◆ **TASK**
Copy every entry exactly as it stands, though any image it holds should stay out of the copy.

◆ **SOURCE MATERIAL**
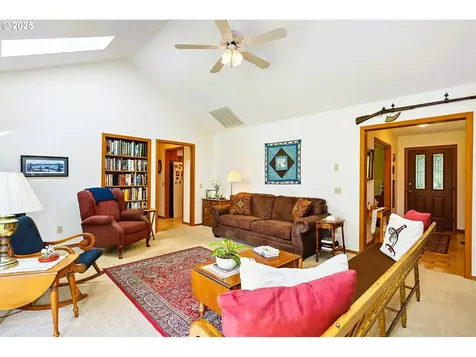 886 Alameda Road Hood River OR 97031
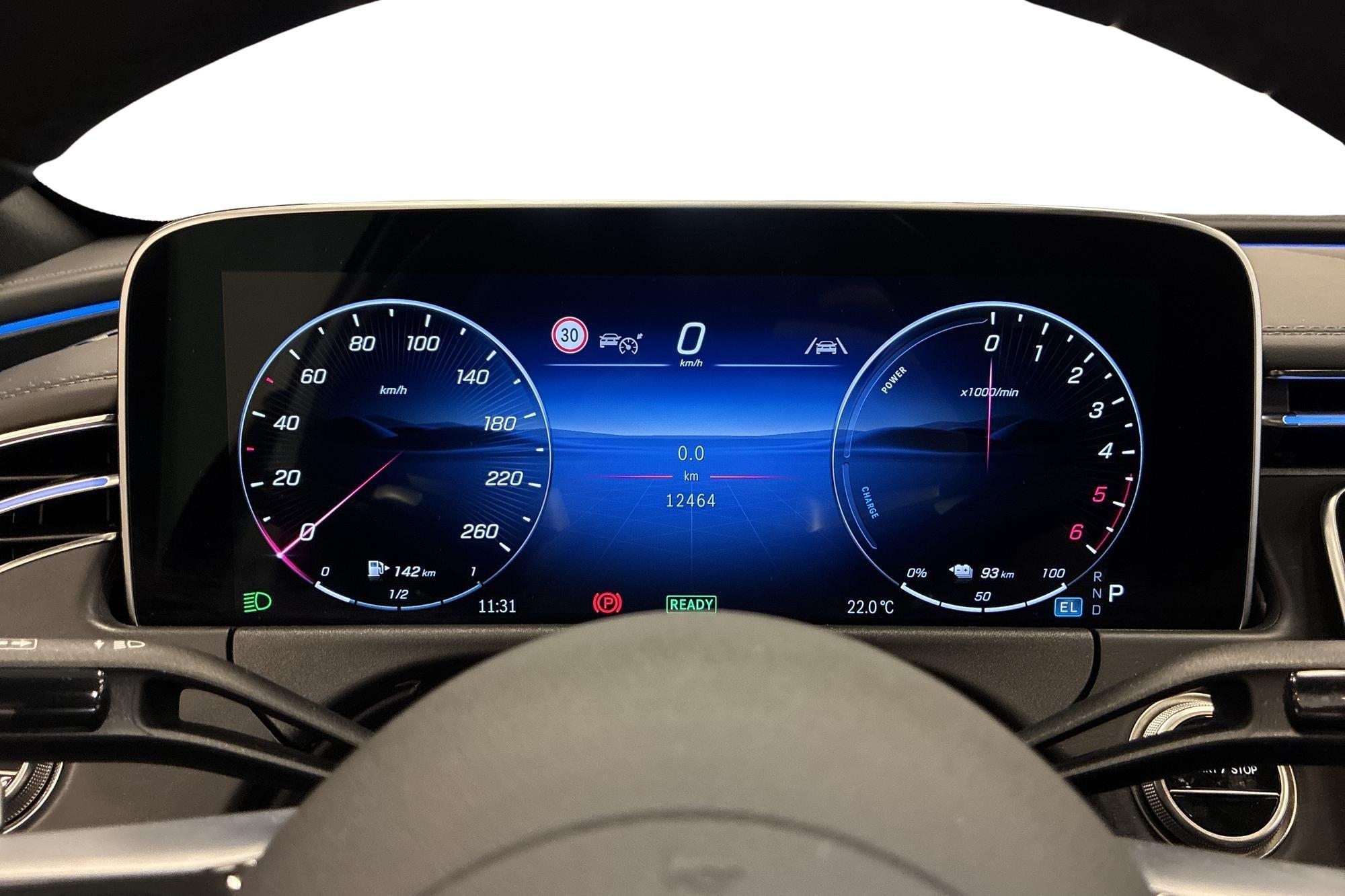 Mercedes-Benz E 300 de 4Matic AMG 2025, bild 6/10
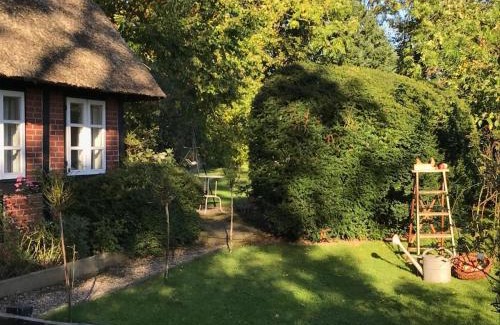 Esgrus House | Reetdachkate Landlust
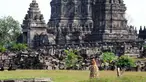 Petugas berpakaian batik bersiaga di salah satu sudut kawasan Candi Prambanan, Yogyakarta, Kamis (29/6). Terkait kunjungan mantan Presiden Amerika Serikat, Barack Obama, penjagaan kawasan Candi Prambanan diperketat. (Liputan6.com/Helmi Fithriansyah)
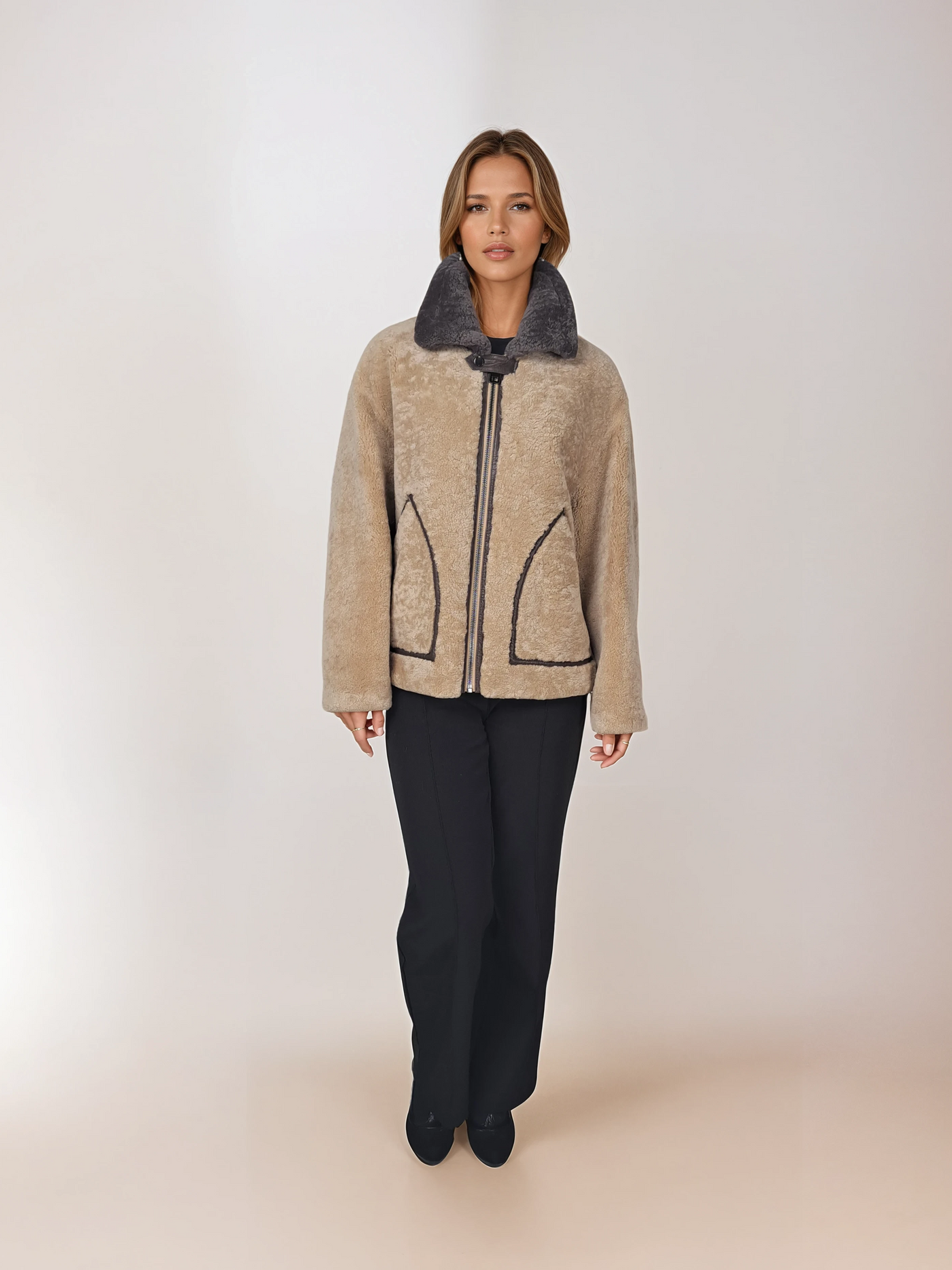 Illulu, 63 cm. - Collar - Curly Lamb - Women - Light Camel & Taupe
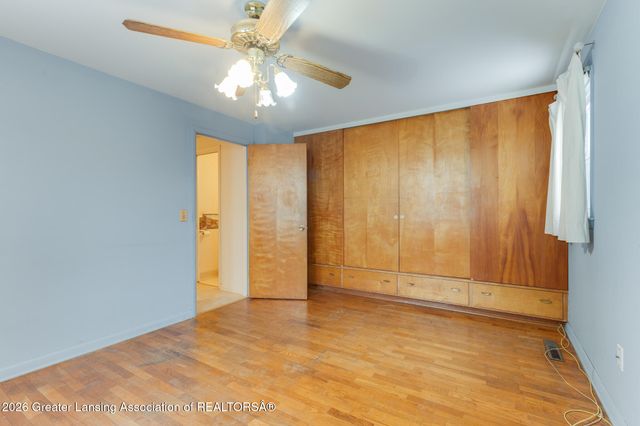 3907 Glenwood Avenue, Lansing, MI 48910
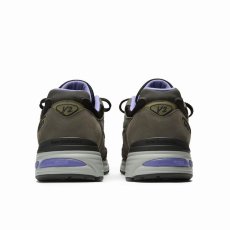 画像5: 予約商品 New Balance Unisex  991 v2  Made in ENGLAND (5)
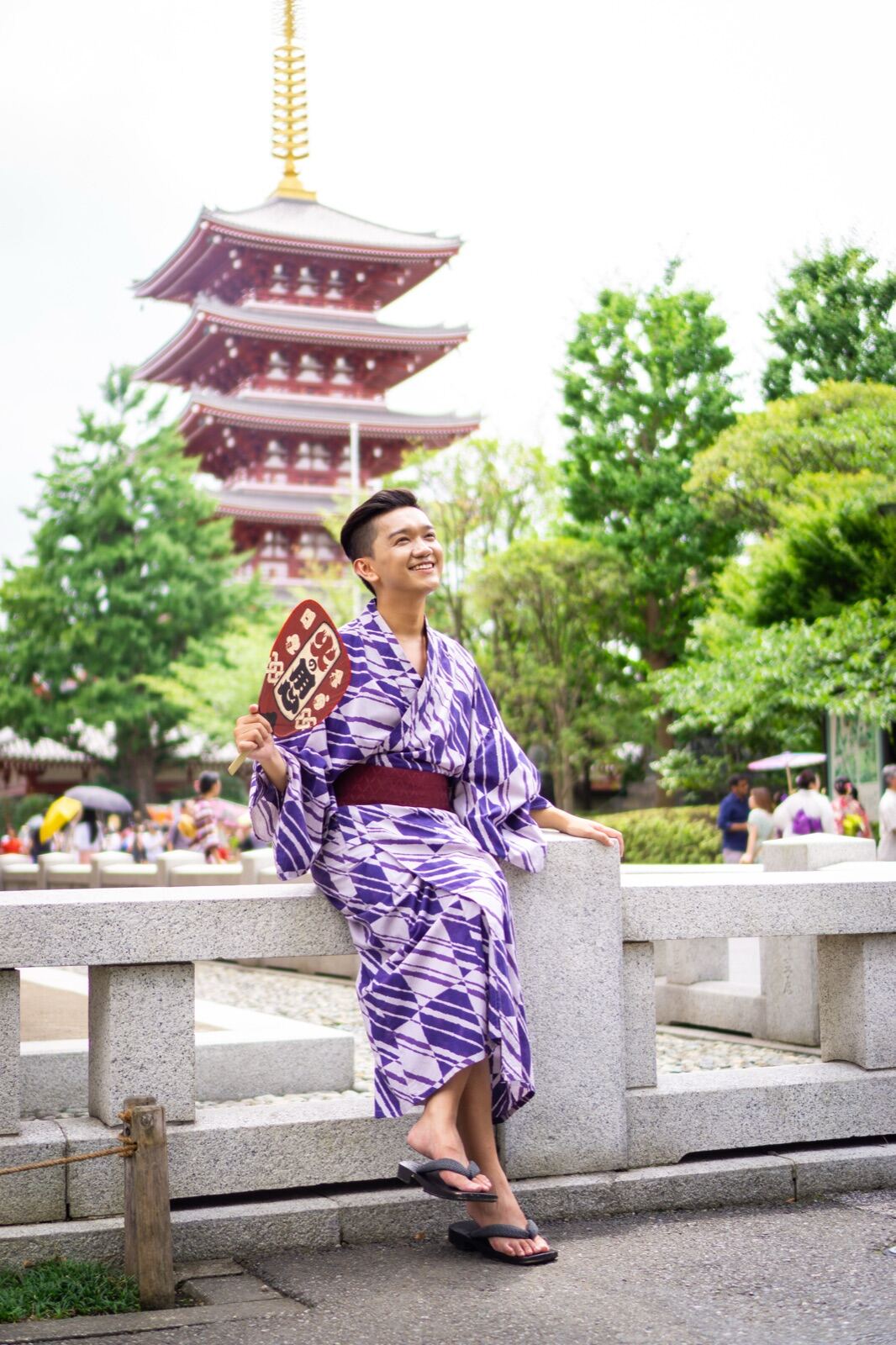 Yukata portrait by the five-storey pagoda
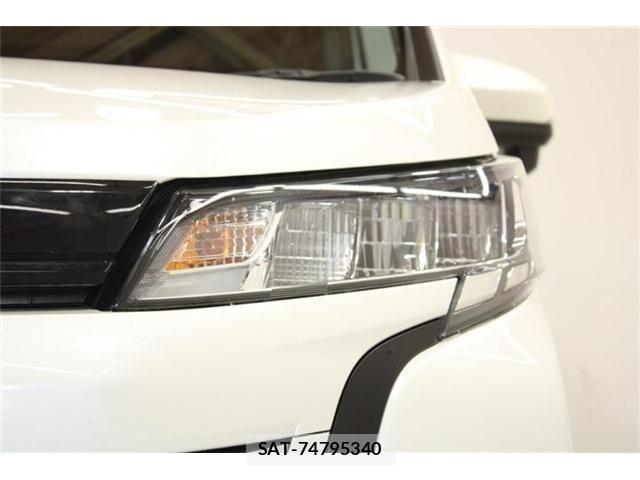 Toyota NOAH 2022-04 6910360-15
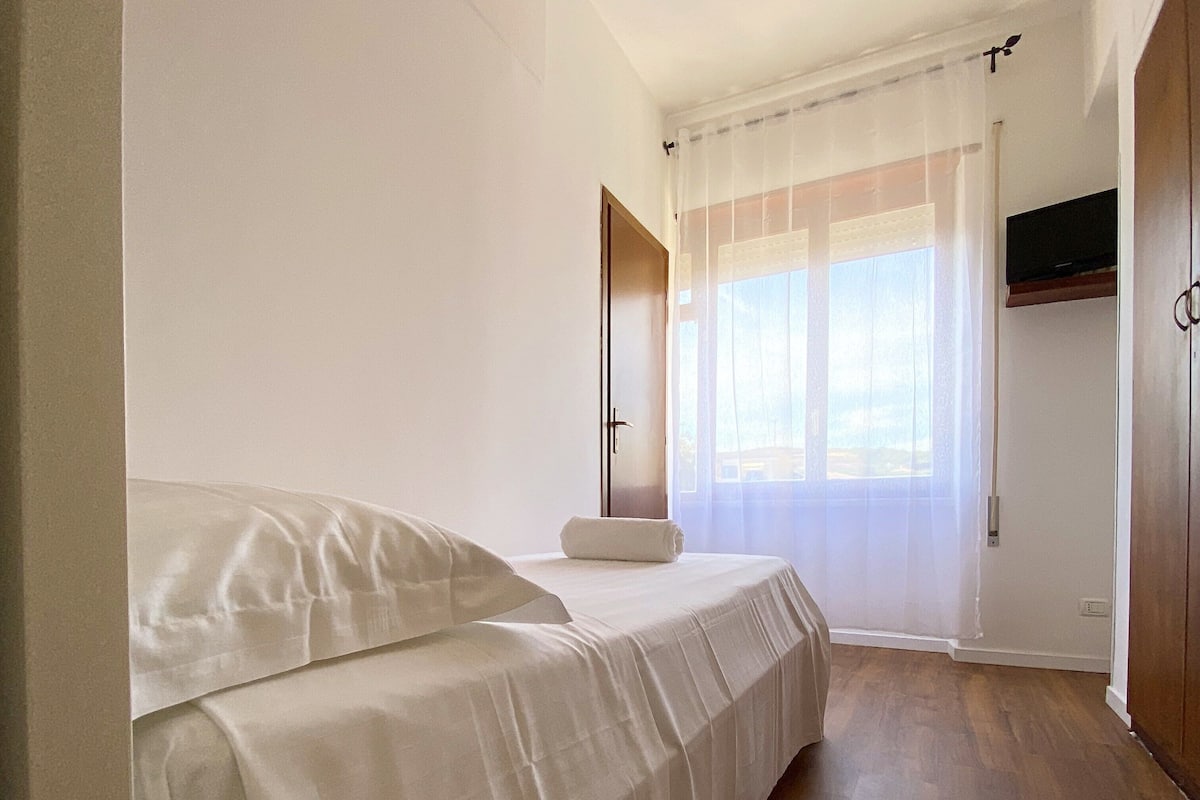 Comfort eenpersoonskamer | Italiaanse Frette-lakens, hypoallergeen beddengoed, donzen dekbedden
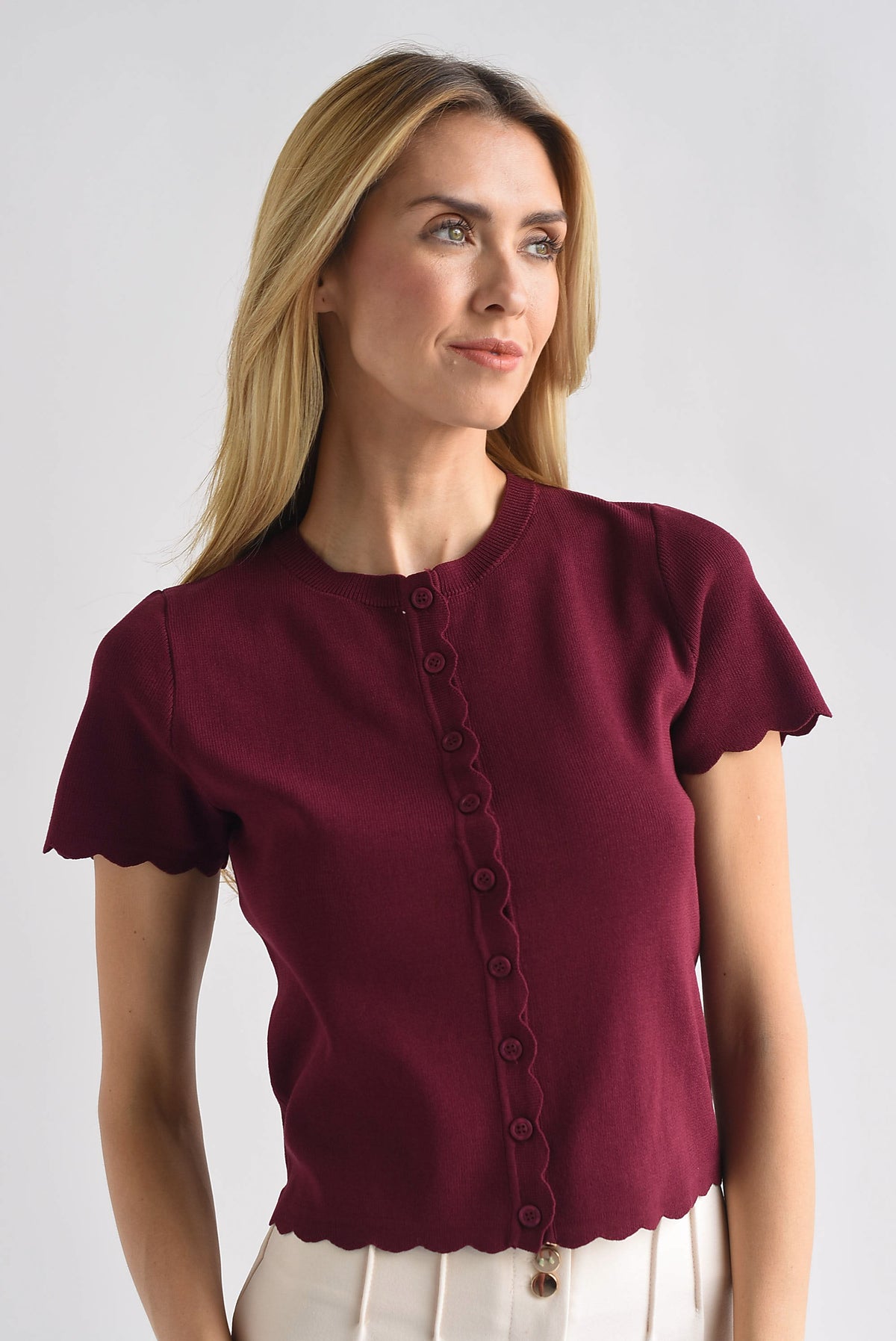 Blusa punto manga corta filo ondas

◆ **RESPONSE**
 886 Alameda Road Hood River OR 97031
 Mercedes-Benz E 300 de 4Matic AMG 2025, bild 6/10
 Esgrus House | Reetdachkate Landlust
 Petugas berpakaian batik bersiaga di salah satu sudut kawasan Candi Prambanan, Yogyakarta, Kamis (29/6). Terkait kunjungan mantan Presiden Amerika Serikat, Barack Obama, penjagaan kawasan Candi Prambanan diperketat. (Liputan6.com/Helmi Fithriansyah)
 Illulu, 63 cm. - Collar - Curly Lamb - Women - Light Camel & Taupe
 3907 Glenwood Avenue, Lansing, MI 48910
 画像5: 予約商品 New Balance Unisex  991 v2  Made in ENGLAND (5)
 Yukata portrait by the five-storey pagoda
 Toyota NOAH 2022-04 6910360-15
 Comfort eenpersoonskamer | Italiaanse Frette-lakens, hypoallergeen beddengoed, donzen dekbedden
 Blusa punto manga corta filo ondas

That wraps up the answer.